The Texas-Aetna Settlement:
A Significant Experiment
in Managed Care Reform

By Seth J. Chandler

The mongoose was introduced into Hawaii to control rats. Although it has succeeded in part, with its propensity to hurt desired features of the Hawaiian ecology, it has become a pest arguably worse than the one it has attacked. To many, managed care organizations are the mongoose of the American health care ecology. They were introduced to control a serious problem: runaway inflation of health care costs ignited by pouring tax subsidized fee for service indemnity programs on top of a pre-existing commensal relationship between doctors and their patients. They have instead become a widely reviled feature of American life. With their second guessing of the medical necessity for treatments concocted by treating physicians, their forcing of physicians to internalize the cost of treatments they prescribe, and their ability to exaggerate the price advantage of using physicians willing to discount their services, many believe that managed care has too often come at the expense of actual human health -- not to mention the capacious pocketbooks of medical practitioners eager to improve it.

As federal and state legislatures have mulled correctives against the excessive "success" of this relatively new animal, two of the combatants have recently fashioned a private solution that enlightens the debate in this field. Through the settlement of a lawsuit, the State of Texas and Aetna U.S. Healthcare developed a plan which, while not comprehensive, nonetheless broadly addresses some of the perceived worst abuses of modern managed care. The settlement, termed an "Assurance of Voluntary Compliance," does so in a way that may avoid ERISA preemption that has hindered other state efforts at reform. (A copy of the settlement may be obtained at

The settlement, the result of a lawsuit filed in 1998 under Texas' Deceptive Trade Practices Act, and other authority, has five major provision of particular interest to health care reformers.
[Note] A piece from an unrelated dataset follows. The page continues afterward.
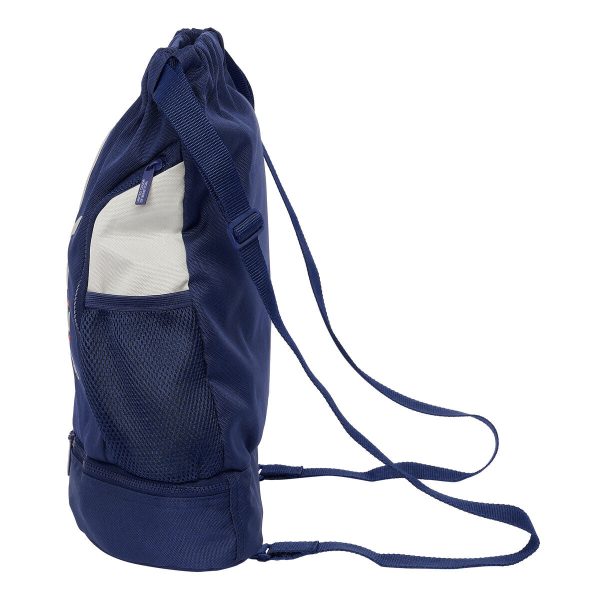 Child s Backpack Bag Benetton Varsity Grey Navy Blue 35 x 40 x 1 cm For Sale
1. ERISA Preemption Waiver

In recent years, managed care entities have been protected from state efforts at reform by the federal Employee Retirement Income Security Act of 1974 (ERISA), whose section 514 (29 U.S.C. 1144)  preempts all state laws that relate to the sort of employee benefit plan that provides most of private health insurance to Americans today. See Wendy E. Parmet, Regulation and Federalism: Legal Impediments to State Health Care Reform, 19 Am. J.L. & Med. 121, 132 (1993). Courts have expansively read an exception to a provision that might have saved laws regulating insurance from this federal interference. Thus, efforts by states to attack the core of managed care generally fail.

The Aetna settlement attempts to sidestep ERISA's preemptive force. It does so by taking advantage of the fact that courts have interpreted ERISA's preemption provision as a waivable choice of law rule. See Allen v. West Point-Pepperell, Inc., 11 F. Supp. 2d 277, 282-83 (S.D.N.Y. 1997) (citing cases). Aetna thus agrees in the settlement not to assert ERISA preemption in future actions brought against it. This waiver should permit the substantive provisions of the settlement governing core issues such as precertification, compensation of physicians, and continuity of care, to function without the typical federal court interference.

Aetna does not completely waive ERISA protection, however. The waiver does not apply to actions brought by individuals against Aetna for violation of the terms of the settlement. Indeed, the settlement document makes clear that third parties, such as patients, have no additional rights as a result of the settlement. Enforcement is left exclusively in the hands of the Texas Attorney General. The power of settlement to reform managed care rests not diffusely with attorneys throughout the state, but substantially in a centralized political authority.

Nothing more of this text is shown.